### Short descriptive text snippets
+++
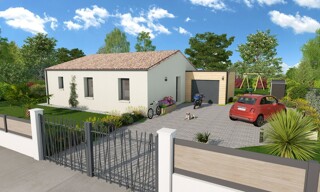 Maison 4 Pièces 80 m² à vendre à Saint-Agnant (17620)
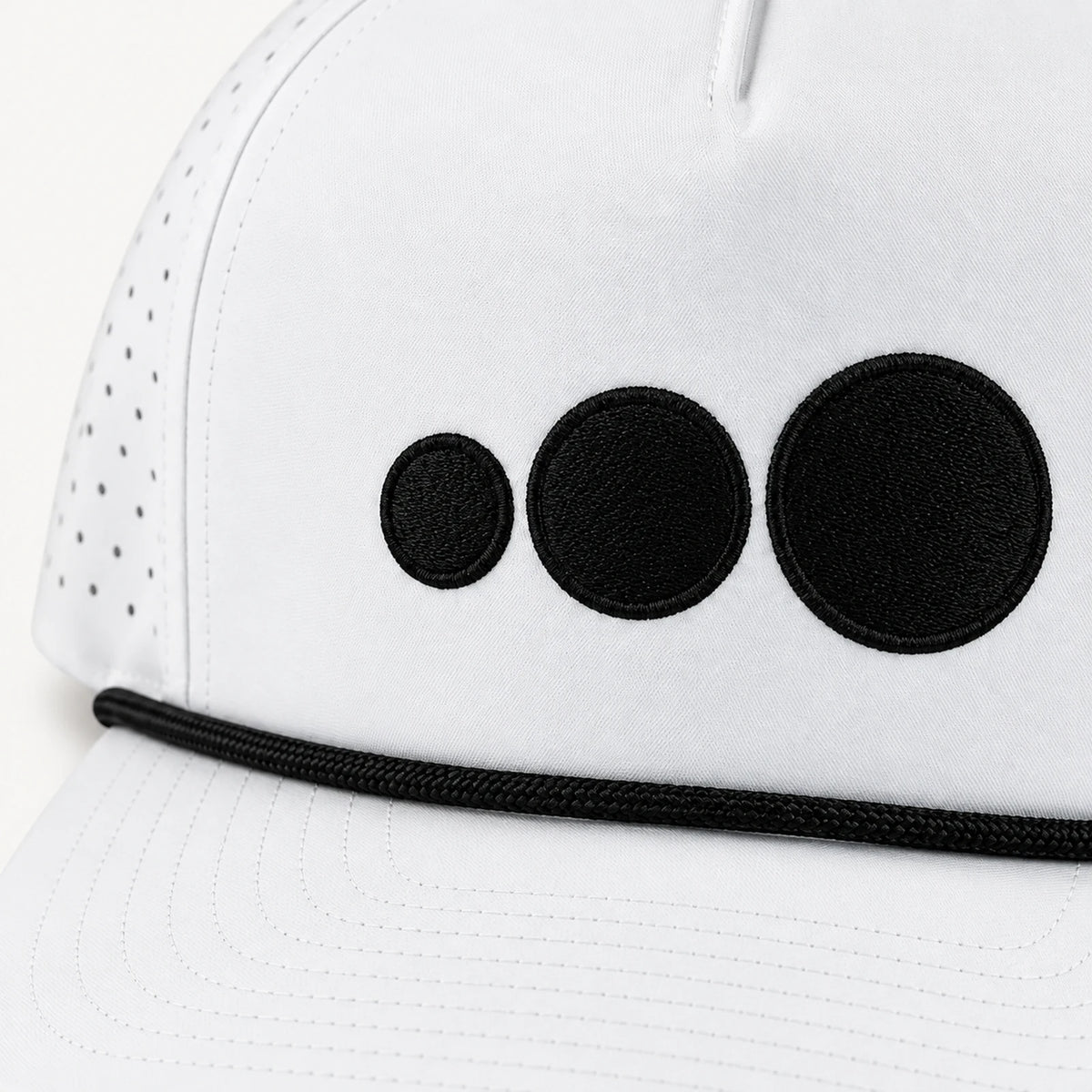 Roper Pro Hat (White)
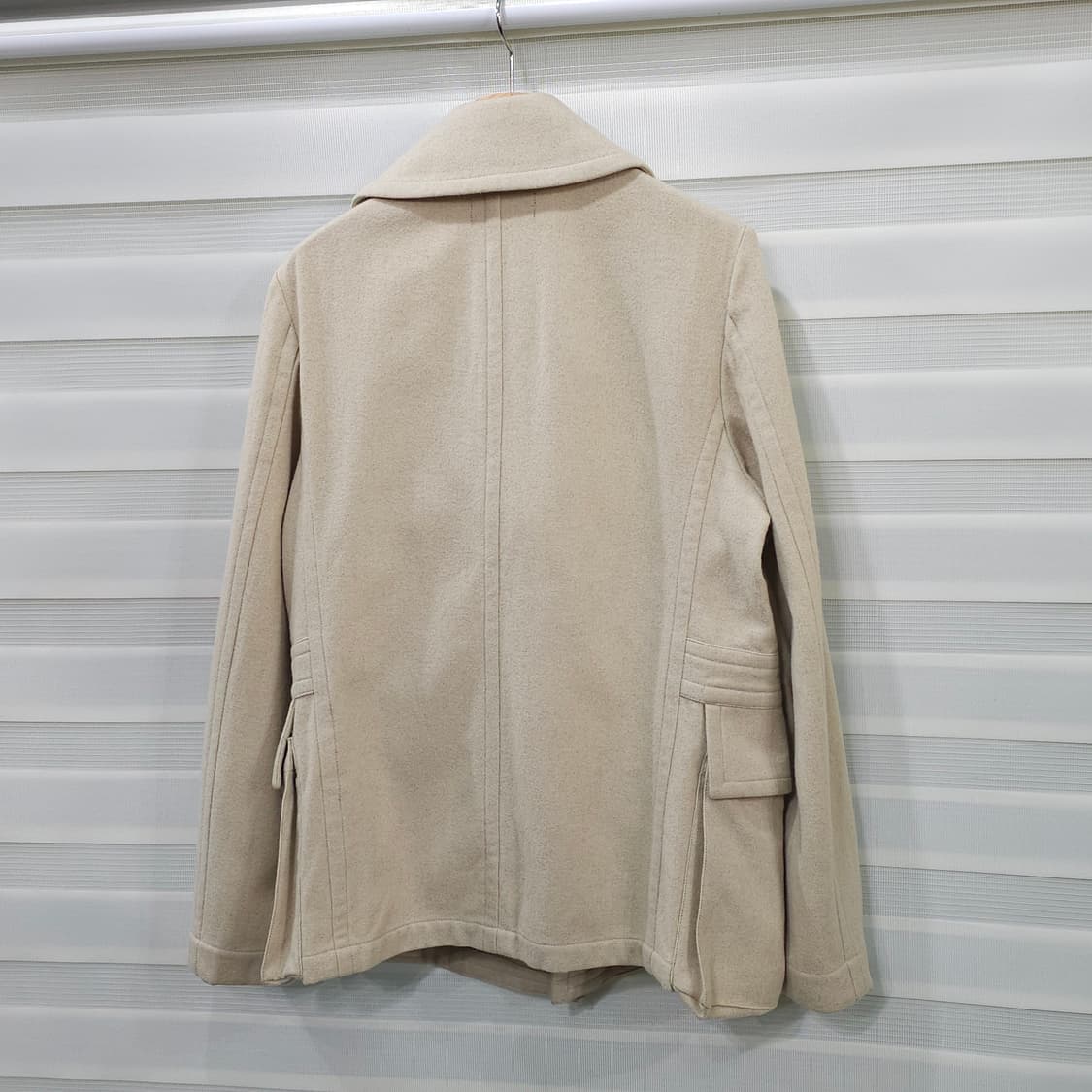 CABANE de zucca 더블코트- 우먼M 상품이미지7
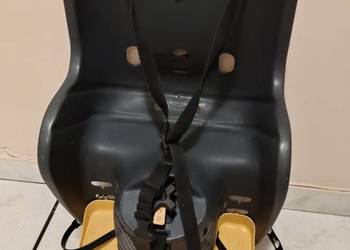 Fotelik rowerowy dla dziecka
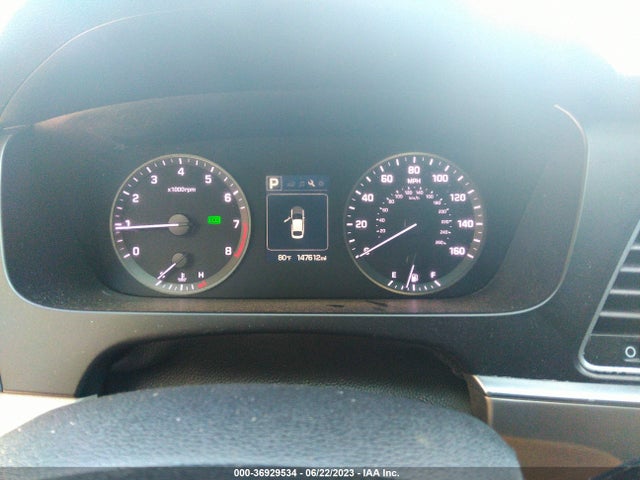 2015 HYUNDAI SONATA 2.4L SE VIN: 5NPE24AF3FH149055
+++
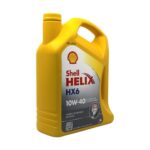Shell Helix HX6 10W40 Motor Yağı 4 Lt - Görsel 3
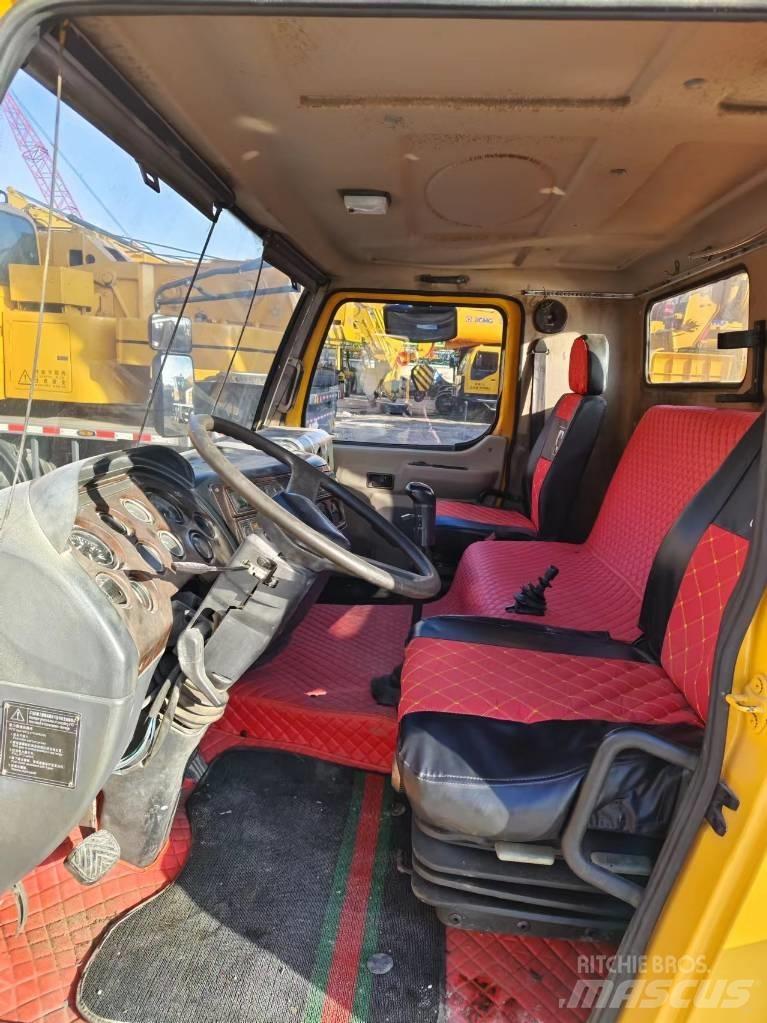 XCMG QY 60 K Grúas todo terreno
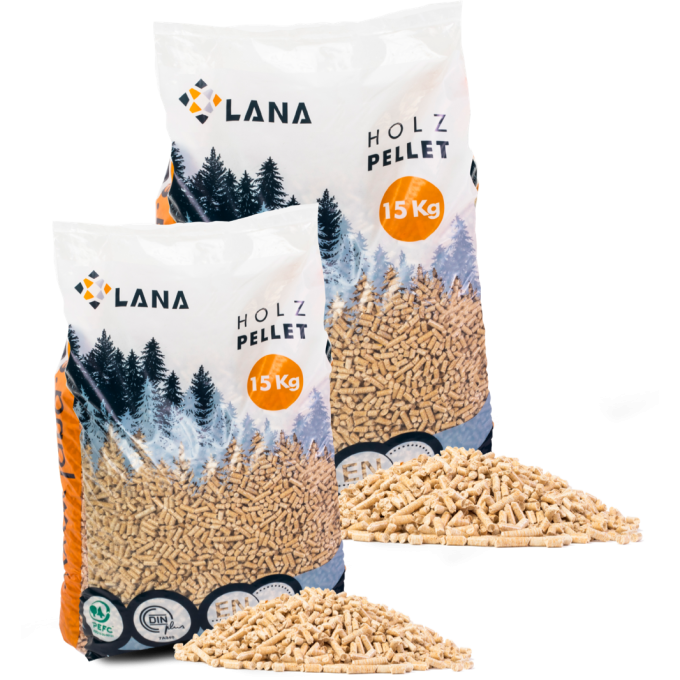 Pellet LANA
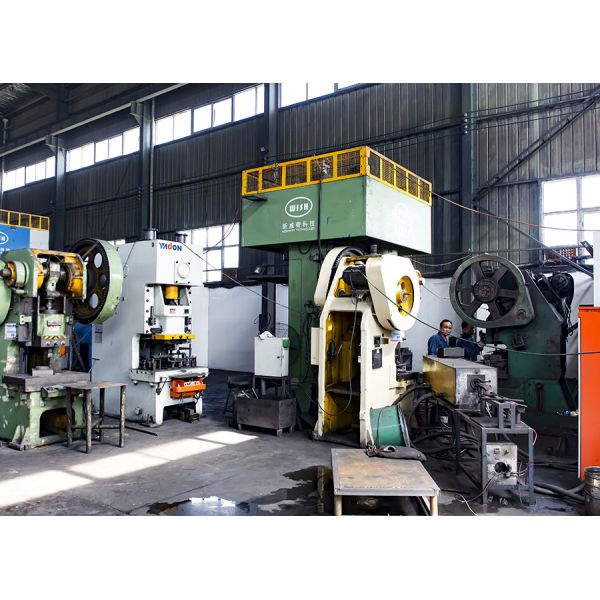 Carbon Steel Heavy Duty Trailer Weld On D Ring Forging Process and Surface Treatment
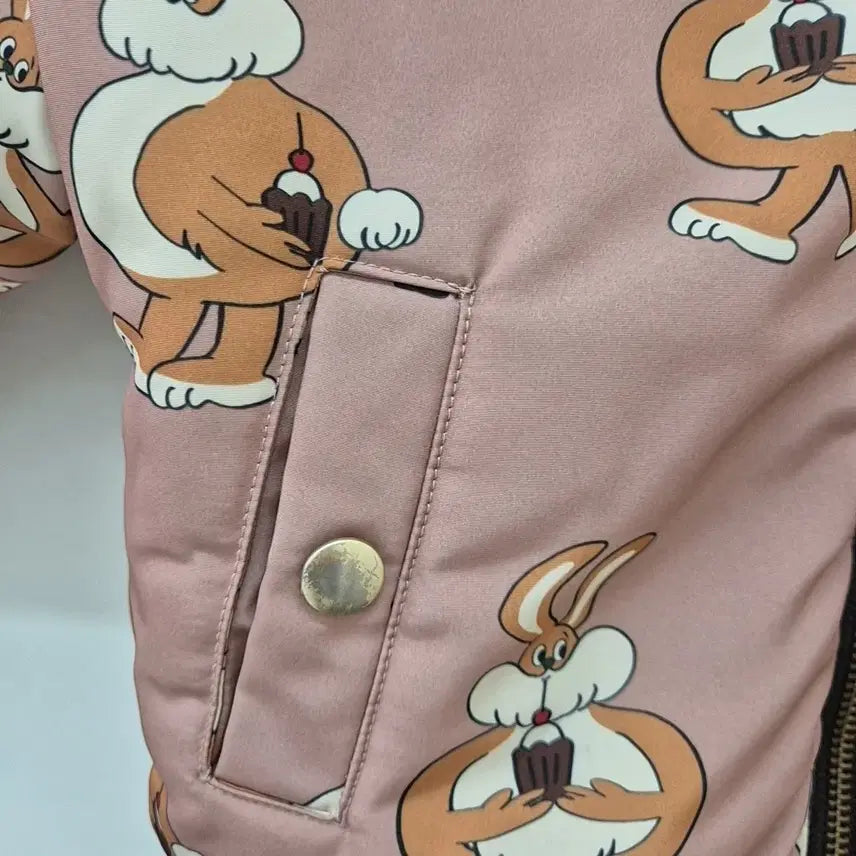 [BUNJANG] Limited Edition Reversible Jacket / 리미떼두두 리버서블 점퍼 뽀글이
+++
### What is required
Quote the data above exactly from the line with "Shell Helix HX6" to the line with "[BUNJANG] Limited Edition", both ends counted, and nothing else. Pictures don't go in.

### Task solution
Shell Helix HX6 10W40 Motor Yağı 4 Lt - Görsel 3
 XCMG QY 60 K Grúas todo terreno
 Pellet LANA
 Carbon Steel Heavy Duty Trailer Weld On D Ring Forging Process and Surface Treatment
 [BUNJANG] Limited Edition Reversible Jacket / 리미떼두두 리버서블 점퍼 뽀글이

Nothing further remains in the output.